Kicking off with a sample of the film intro from A Clockwork Orange, the band launch into TV Cabbage and are immediately in their groove. That’s all the more impressive as they have a stand in guitarist Tom Stanley subbing for Tokyo-based founder member Tony Byker whose guitar licks are suitably psychedelic and hard to emulate. Tom excels.
There follows a 17-song set that veers from standard indie punk to thrash metal and dance rock that brings to mind a clash of music genres, but all go down well with the committed fan base.

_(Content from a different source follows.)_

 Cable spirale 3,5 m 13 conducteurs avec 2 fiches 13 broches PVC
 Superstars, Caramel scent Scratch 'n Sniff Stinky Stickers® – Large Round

Stand-out treats include Shoulders, written as a tribute to the fans that followed the band from gig to gig and Zen Express which takes 1960s guitar riffs and crosses them with a punk edge.
But the main applause is saved for the final two tracks, the band’s debut single Everythang’s Groovy and the breakthrough Nosedive Karma with Hendrix like guitar, sci-fi samples, and a punk rock electropop rap culture mix aplenty which has kept its cool some 35 years on.
The set may have been a bit heavy on tracks from the early singles and albums, but the Bykers remain tight and their musical trip remains totally enjoyable with the delight from the band playing together like old friends reflected by the enthusiastic reception of the audience.
There’s depth and a greater message than may be expected, not just a comedy name. All in all it’s fun and one of those comebacks where the fans definitely want more.